Doncaster Knights attack rugby union’s plan to raise the drawbridge
Doncaster Knights executive chairman Tony De Mulder is adamant the Championship has a strong legal case to scupper the latest Premiership Rugby Limited (PRL) proposal on relegation and promotion insisting it still amounts to a “cartel”.
Premiership clubs tried to scrap promotion and relegation entirely earlier this year, but met resistance to ‘ring-fencing’ from both the Rugby Football Union and the second-tier competition.
A compromise has been drawn up that would see the Premiership increased from 12 clubs to 13 and the side that finishes bottom then playing off – home and away – against the Championship victors for the final spot.
However, there are 13 PRL shareholders, including promoted London Irish and Newcastle Falcons who have just been relegated.
Each receives ‘P Shares’ – even when in the second tier – which significantly outweighs anything Championship clubs receive from central funds and makes the task for ambitious clubs like Doncaster, Cornish Pirates and Ealing almost impossible.
PRL would like to get plans in place for 2019-20 with the new season having a delayed start in October due to the World Cup.
“In a way their current idea is still partially ring-fencing considering the funding of the team that’s coming down,” De Mulder said.
“The ‘P Shares’ system for founding members of the PRL in our opinion – and our lawyers’ opinion – is a cartel, or a monopoly, at least.
“The Championship clubs have had that legal advice; it’s been conveyed to PRL. For years we have been asking PRL for us to actually see the P Shares agreement. They have still refused to give it to us.
“In our lawyer’s opinion, number one, the P Share is absolutely devastating for any (non-PRL) Championship club who gets into the Premiership because of the lack of funding.
“The other is anyone who comes down from the Premiership has then also got a huge advantage over the other Championship clubs.
“We get £600,000 from the RFU, part of which is for stadium development and community work, not just for paying players.
“What the Premiership clubs get is in the millions and a huge difference in the funding.
“The sort of body we’d go to is the Competition Markets Authority. We’d present our case to them who would then hopefully take it on board.
“Those guys have a lot of power. They have the power to make businesses – and it (PRL) is a business – alter what they are doing.
“Most Championship clubs spend at least £1m on their squads alone.

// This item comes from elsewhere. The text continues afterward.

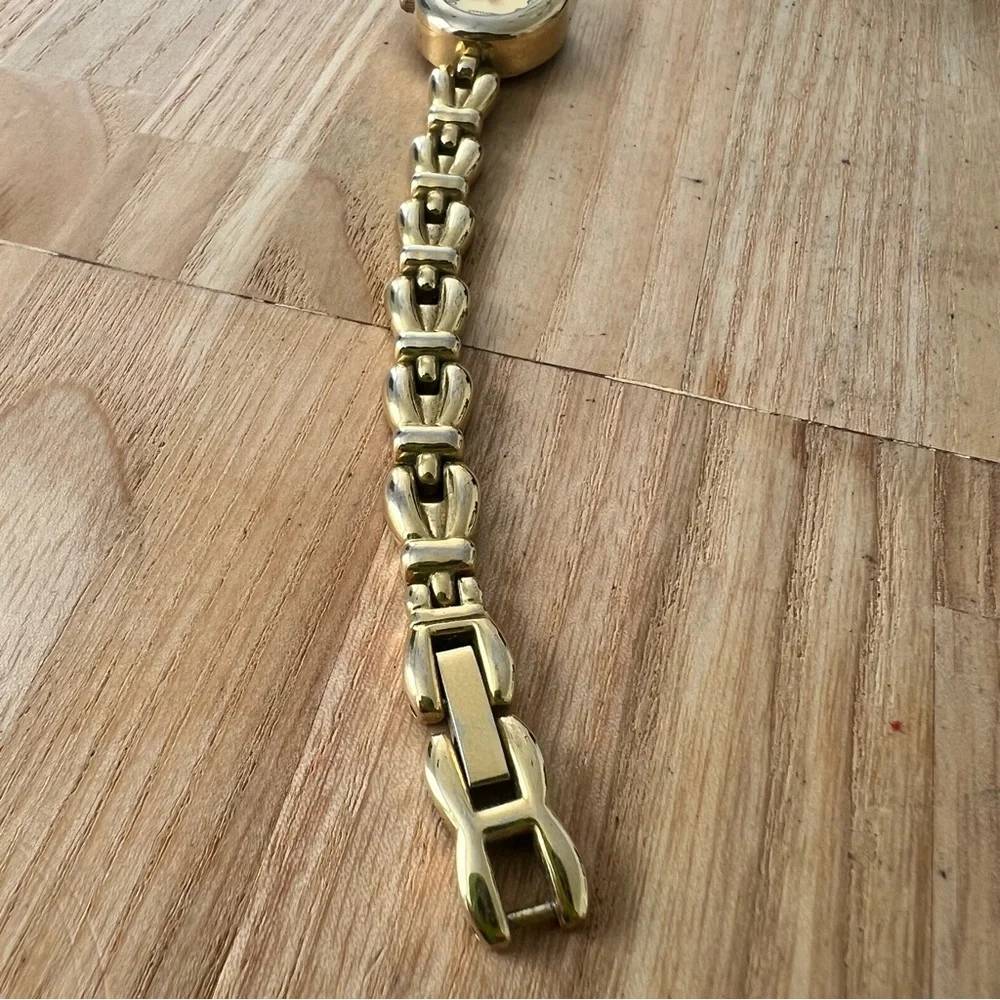 Timex essentials ladies oval gold tone bracelet watch NEW BATTERY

You’d want something along those lines and it should be made fair if we are going to take this (deal) on.”
Traditionally teams that have earned promotion have struggled to establish themselves in the elite with Bristol, Yorkshire Carnegie, London Irish and Newcastle all clubs that have suffered relegation more than once.
London Welsh, of course, have been promoted twice since 2012, but went straight back down on each occasion and eventually went into liquidation two years ago.
Carnegie, relegated in 2011, reached the Championship play-off final against Irish two years ago, but missed out and now are in financial ruin, preparing to play as a part-time club next season.
When still Leeds Carnegie, they sold their PRL shares in 2012 to Exeter Chiefs, a club who, admittedly, did go on and secure themselves in the Premiership, becoming champions in 2017 and finishing runners-up last year.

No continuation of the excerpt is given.